- Goal of the exercise -
Starting with the line that contains "Boucles d'oreilles violet clair", copy every line through the end of the listing, exactly and only those. No pictures should appear in the copy.

- Information supplied -
----------------

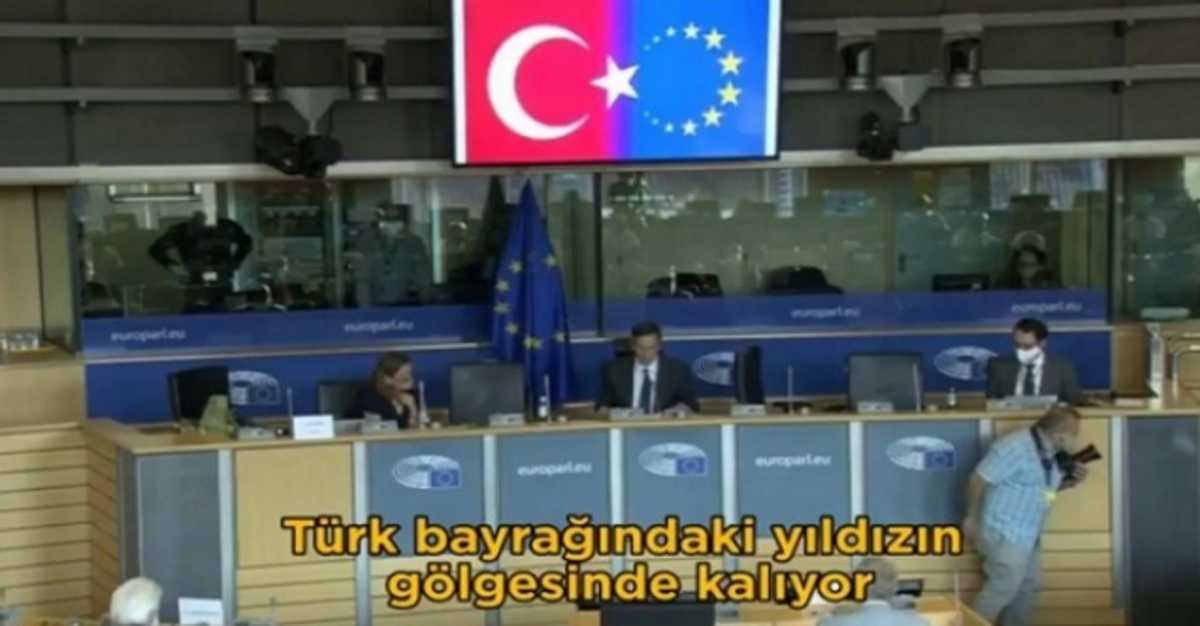 Νέα ένταση Τουρκίας – Ευρώπης: Ο Τσαβούσογλου εμφάνισε τη σημαία της ΕΕ ως… ημισέληνο (video)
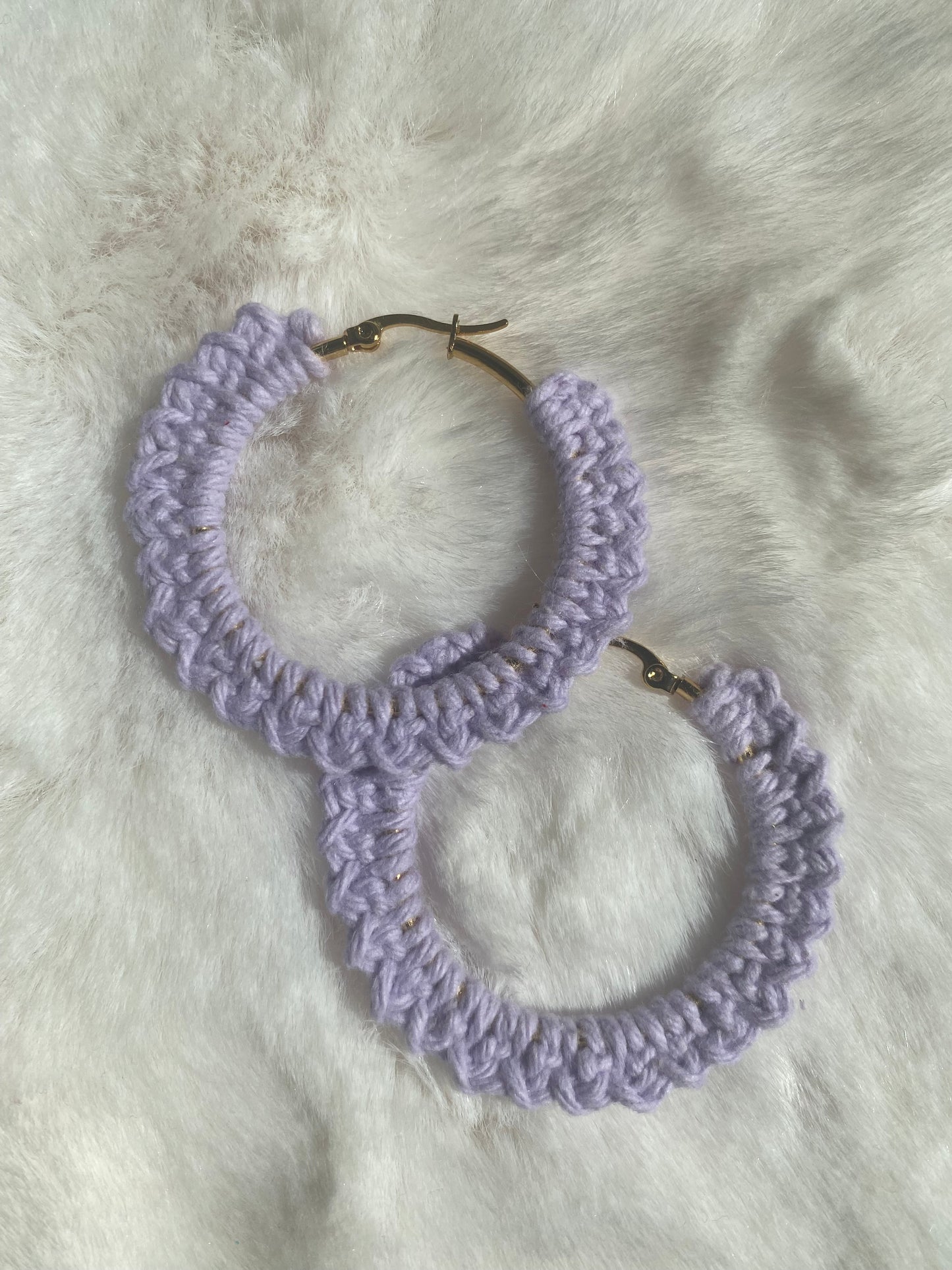 Boucles d'oreilles violet clair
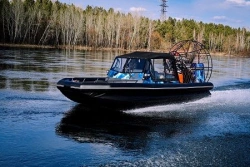 Hunter 650 Airboat with Dual Hull Design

----------------

- Solution for this exercise -
 Boucles d'oreilles violet clair
 Hunter 650 Airboat with Dual Hull Design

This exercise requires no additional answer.